• Aim of the task:
Reproduce the records precisely. Omit every picture.

::::

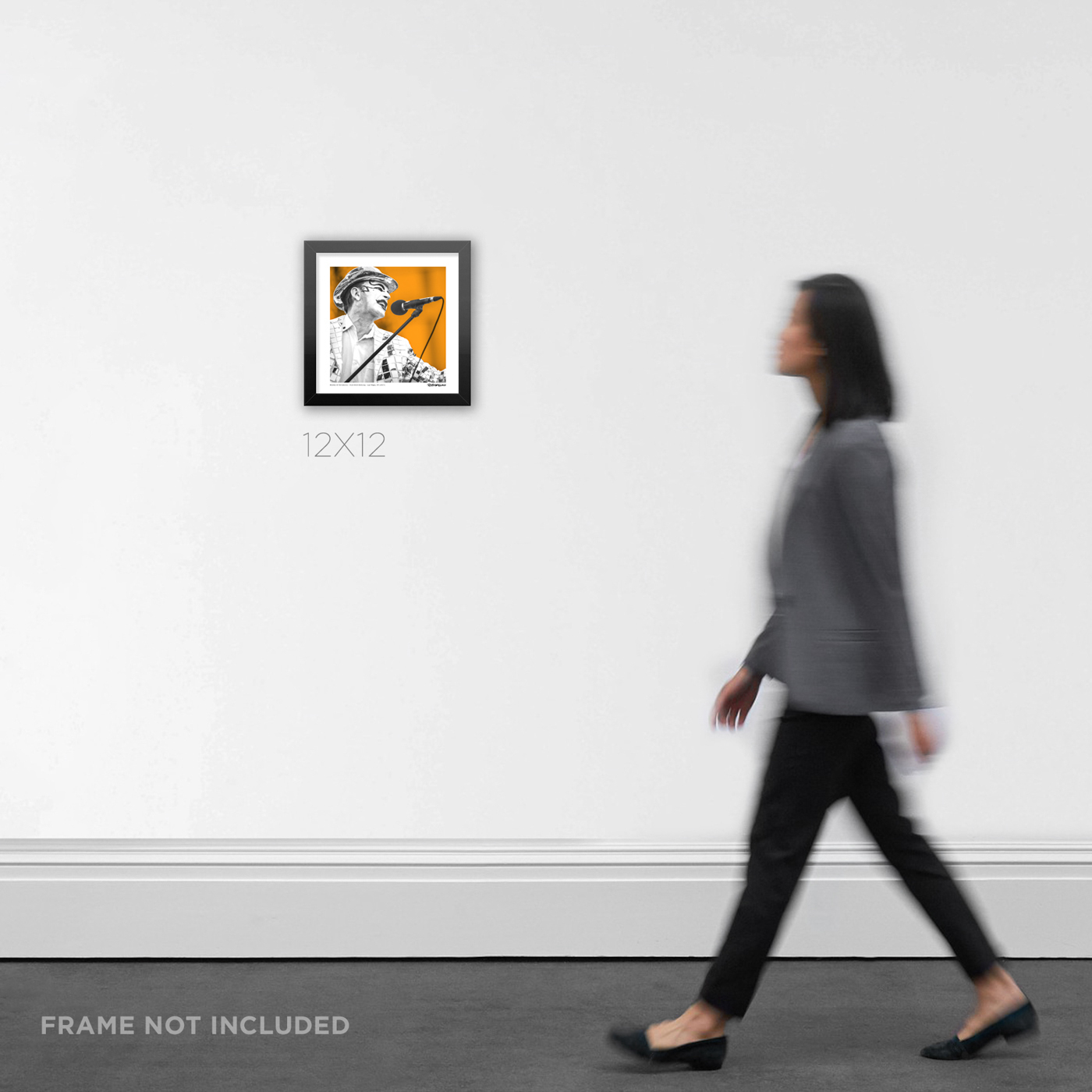 12x12 square framed street punk art print documenting Keith Monkey Warren live at Punk Rock Bowling by RobxWallace, displayed in a modern home room for scale.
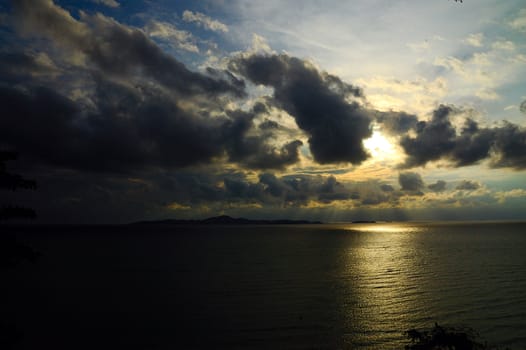 The sun breaking through the clouds over the sea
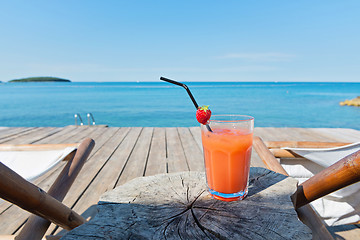 Image showing Wooden floor with chaise-longues and cocktail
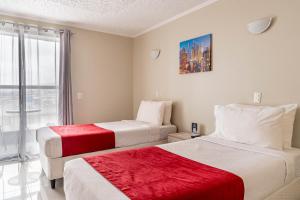 Ένα ή περισσότερα κρεβάτια σε δωμάτιο στο Hotel Veas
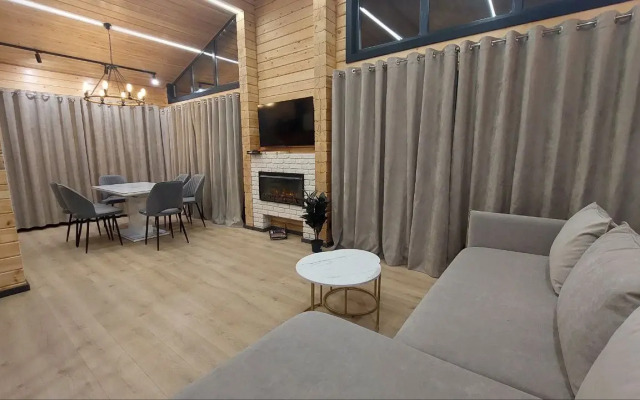 Villa Derevyanny Dom with fireplace V Lesu Na Slavyanskoy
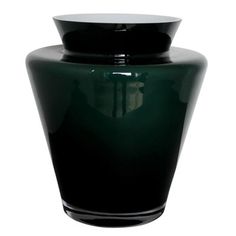 a black vase is shown on a white background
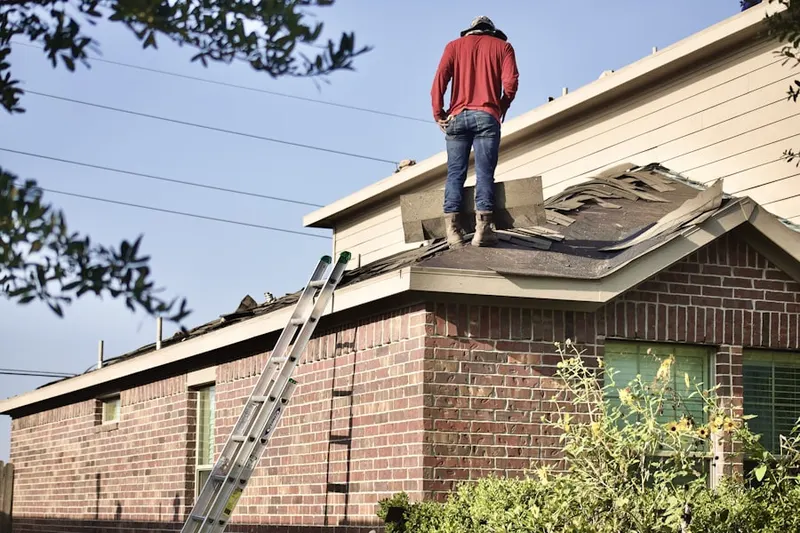 Professional roofer working on a residential roof in Barnitz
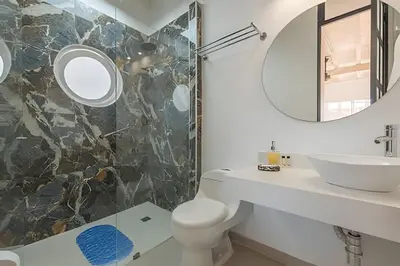 a bathroom with a sink and a mirror at El Mirador de la Catedral - Centro Histórico in Cartagena de Indias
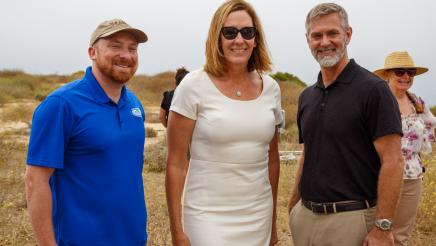 Asm. Irwin posing with two attendees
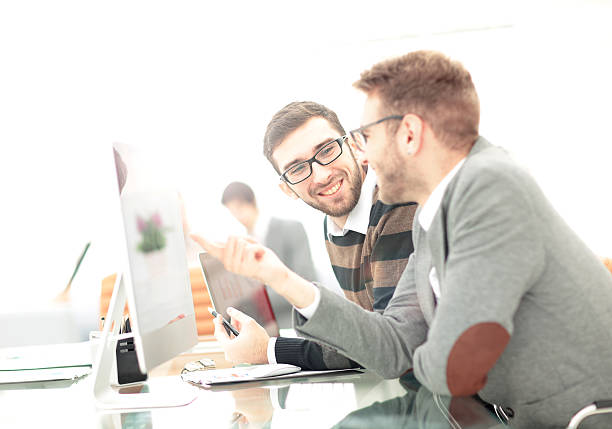 istock Coworkers photo in sunny office 627231302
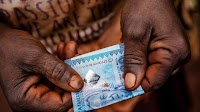 World’s Worst Currency Faces Pain as Tanzanian Imports Boom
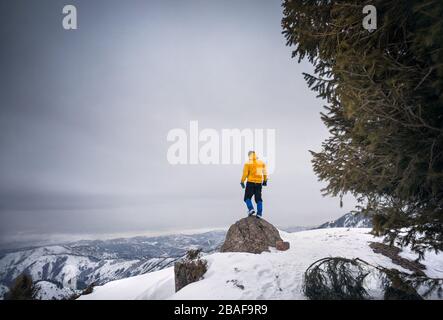 Tourist in gelben Jacke steht an der Spitze des Felsens in den verschneiten Bergen Stockfoto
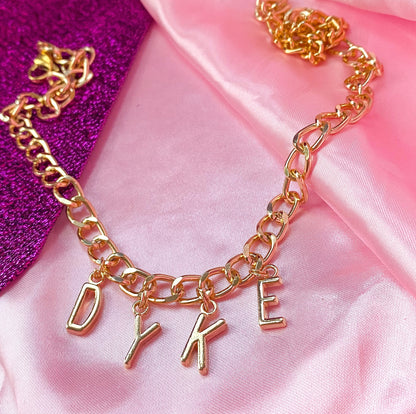 Chunky DYKE gold colour letter charm necklace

::::

• Solution to this task:
 12x12 square framed street punk art print documenting Keith Monkey Warren live at Punk Rock Bowling by RobxWallace, displayed in a modern home room for scale.
 The sun breaking through the clouds over the sea
 Image showing Wooden floor with chaise-longues and cocktail
 Ένα ή περισσότερα κρεβάτια σε δωμάτιο στο Hotel Veas
 Villa Derevyanny Dom with fireplace V Lesu Na Slavyanskoy
 a black vase is shown on a white background
 Professional roofer working on a residential roof in Barnitz
 a bathroom with a sink and a mirror at El Mirador de la Catedral - Centro Histórico in Cartagena de Indias
 Asm. Irwin posing with two attendees
 istock Coworkers photo in sunny office 627231302
 World’s Worst Currency Faces Pain as Tanzanian Imports Boom
 Tourist in gelben Jacke steht an der Spitze des Felsens in den verschneiten Bergen Stockfoto
 Chunky DYKE gold colour letter charm necklace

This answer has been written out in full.